What the exercise asks:
In your copy, include every line of the records exactly and no picture at all.

----- Source material

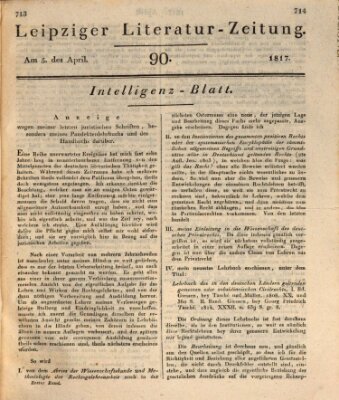 Leipziger Literaturzeitung Samstag 5. April 1817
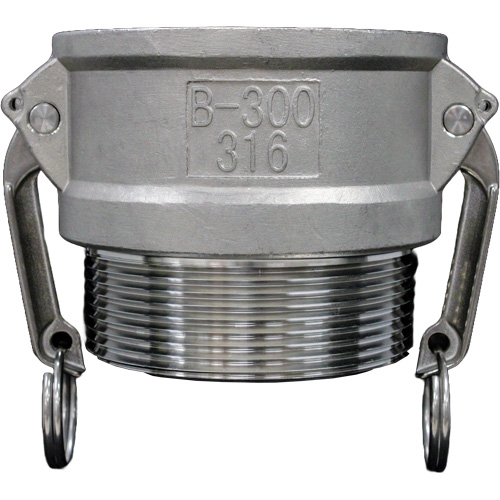 Cam & Groove Coupling, Stainless Steel, Type B, 2-1/2", Male NPT, 150 PSI Cam Industrial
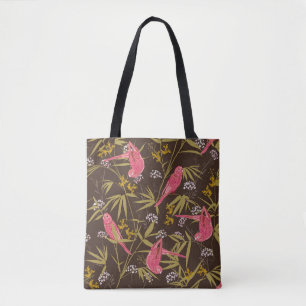 Beautiful Hand drawn parrot birds in Bamboo forest Tote Bag
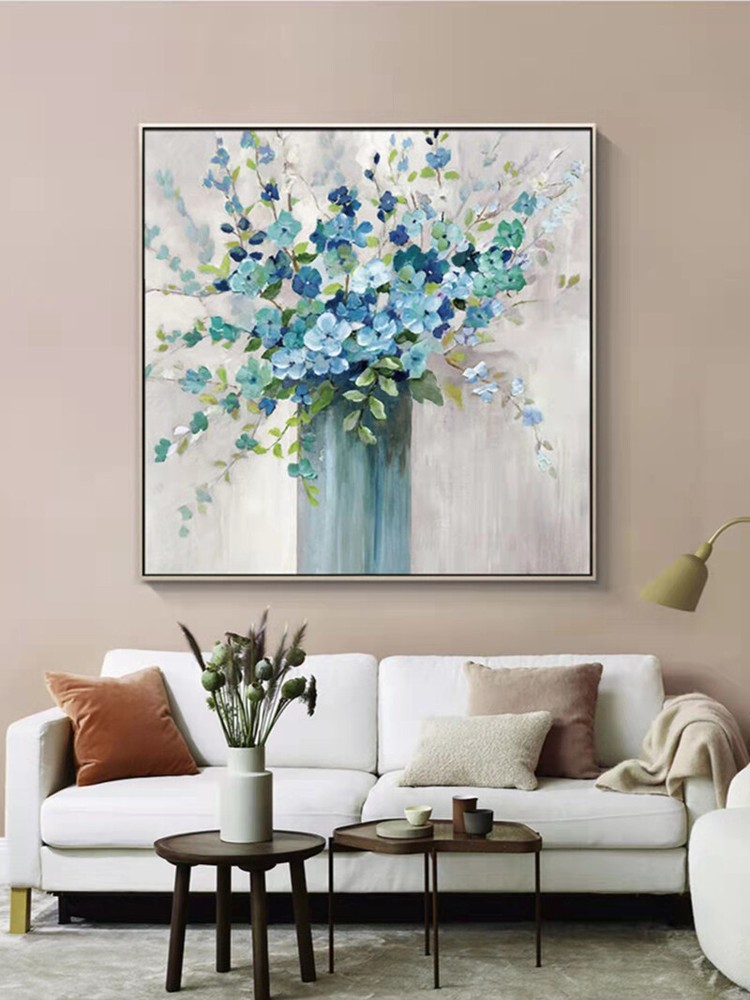 Blue Flowers Vase Artwork Oil Painting Abstract Bouquet Canvas Painting Wall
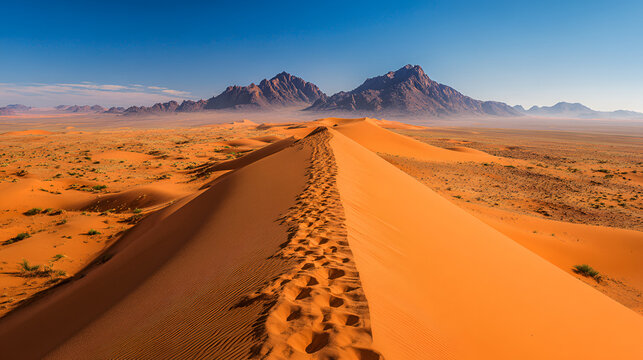 Vast Namib Desert Landscape with Towering Sand Dunes and Distant Mountains.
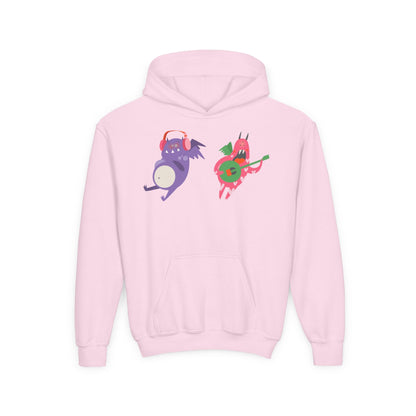 Youth Heavy Blend Hooded Sweatshirt - Monsters playing instruments Printify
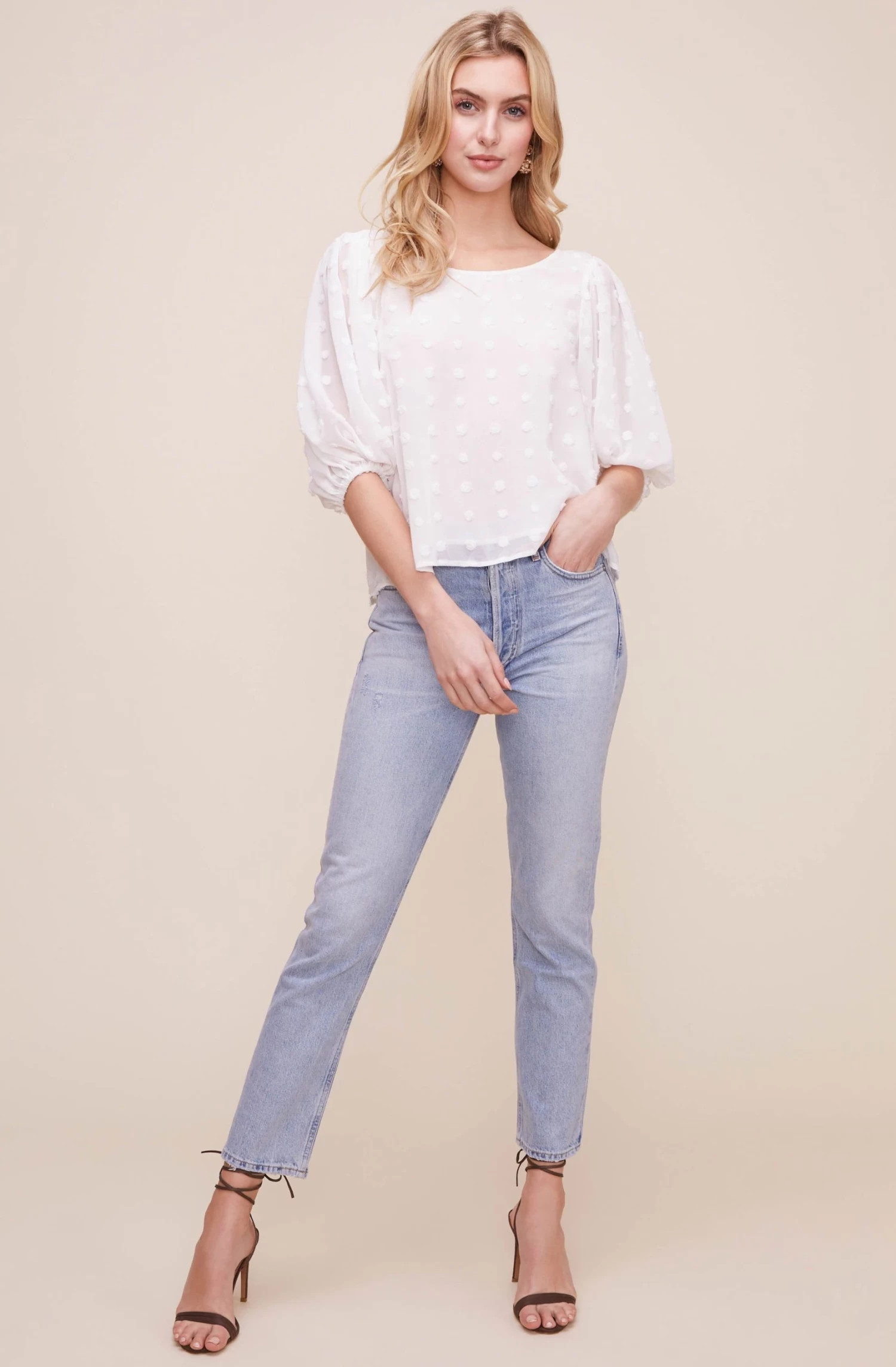 Tie Back Blouson Sleeve Dot Top 4 Tie Back Blouson Sleeve Dot Top - Image 4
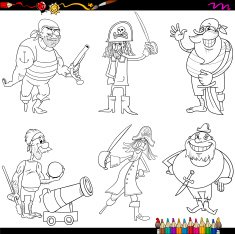 fantasy pirates cartoon coloring page
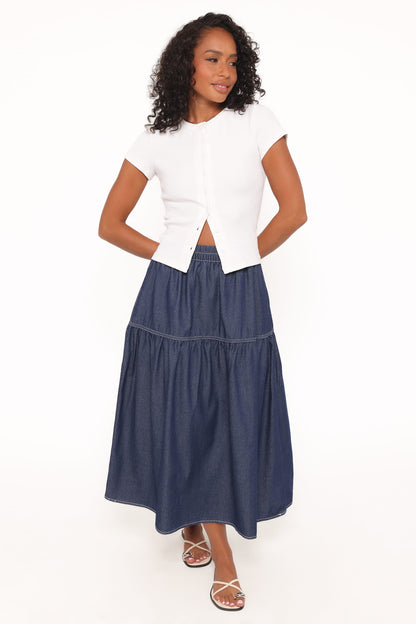 Meadow Midi Denim Skirt - Dark Wash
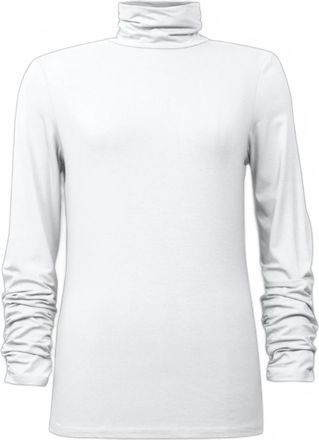 Joseph Ribkoff Womens Turtleneck Top With Rouching At Sleeve In White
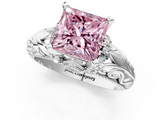 White gold Fancy Pink Princess  Solitaire Filigree Engagement Ring with Halo and Prong Setting_1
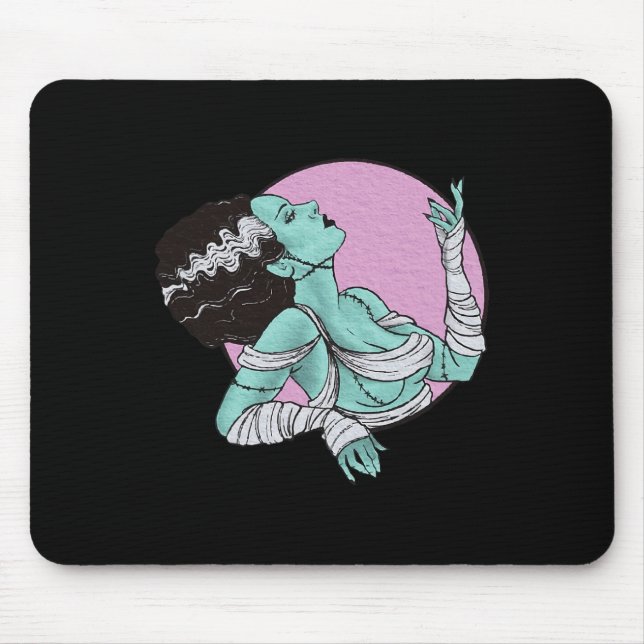 Bride Of Frankenstein Halloween Retro Pink  Mouse Pad (Front)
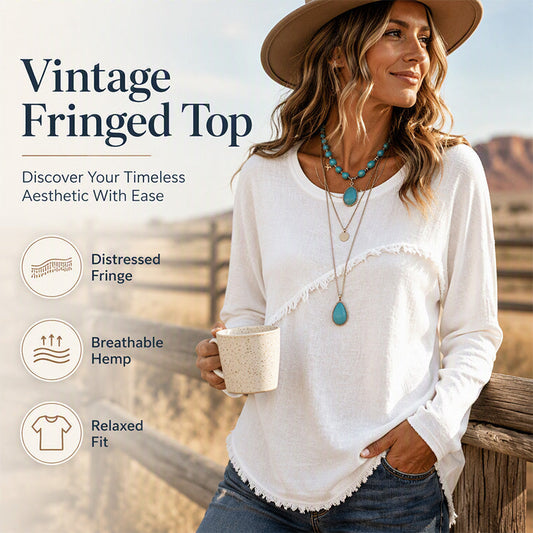 Women's Vintage Crewneck Top with Fringe Tassel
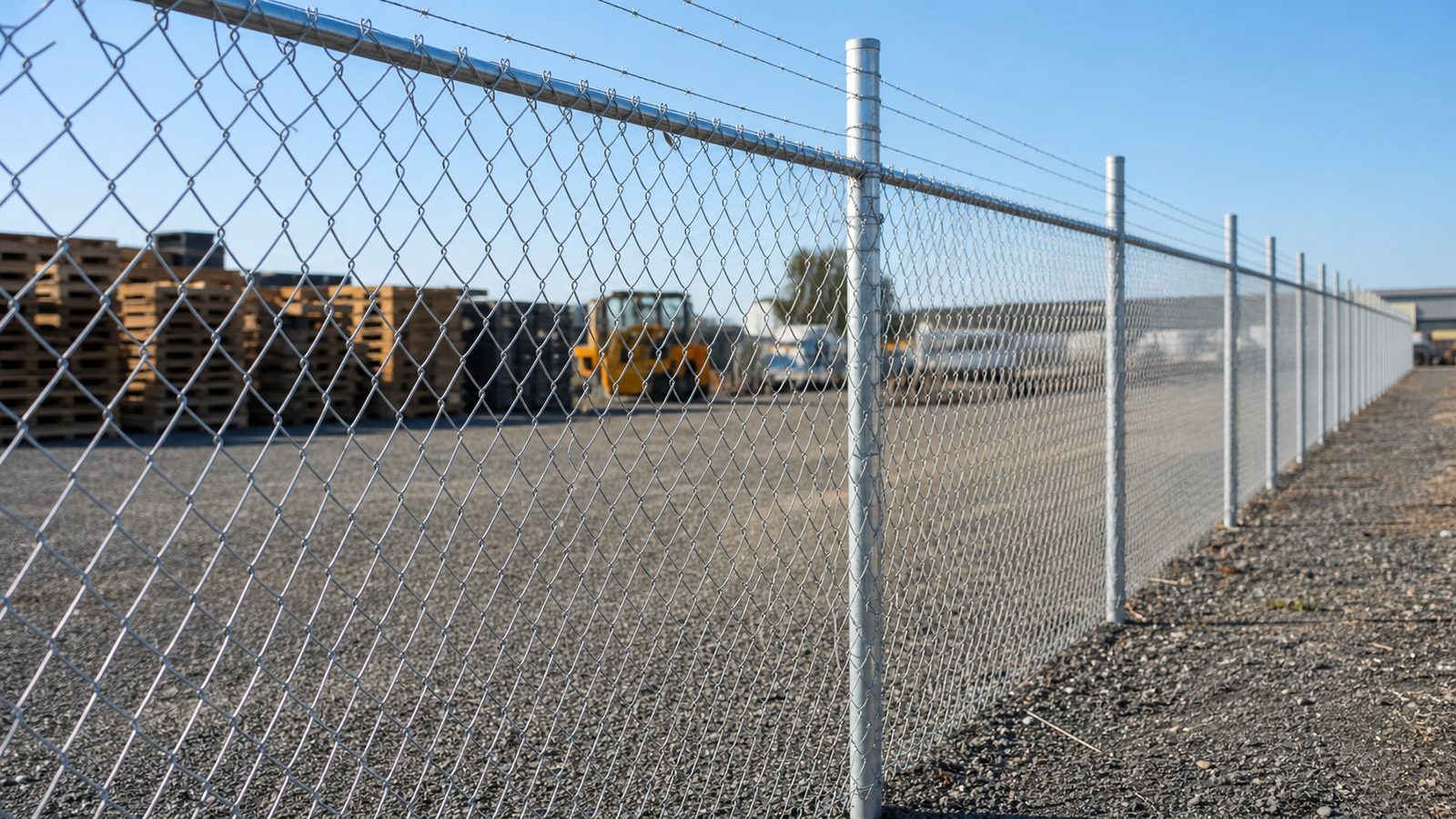 Heavy-duty chain wire mesh fencing securing a Western Sydney industrial yard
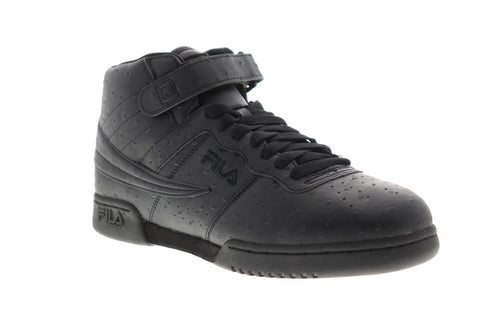 Fila F-13 Ostrich Mens Black Leather Low Top Lace Up Sneakers Shoes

----------

Response box:
 Leipziger Literaturzeitung Samstag 5. April 1817
 Cam & Groove Coupling, Stainless Steel, Type B, 2-1/2", Male NPT, 150 PSI Cam Industrial
 Beautiful Hand drawn parrot birds in Bamboo forest Tote Bag
 Blue Flowers Vase Artwork Oil Painting Abstract Bouquet Canvas Painting Wall
 Vast Namib Desert Landscape with Towering Sand Dunes and Distant Mountains.
 Youth Heavy Blend Hooded Sweatshirt - Monsters playing instruments Printify
 Tie Back Blouson Sleeve Dot Top 4 Tie Back Blouson Sleeve Dot Top - Image 4
 fantasy pirates cartoon coloring page
 Meadow Midi Denim Skirt - Dark Wash
 Joseph Ribkoff Womens Turtleneck Top With Rouching At Sleeve In White
 White gold Fancy Pink Princess  Solitaire Filigree Engagement Ring with Halo and Prong Setting_1
 Bride Of Frankenstein Halloween Retro Pink  Mouse Pad (Front)
 Women's Vintage Crewneck Top with Fringe Tassel
 Heavy-duty chain wire mesh fencing securing a Western Sydney industrial yard
 Fila F-13 Ostrich Mens Black Leather Low Top Lace Up Sneakers Shoes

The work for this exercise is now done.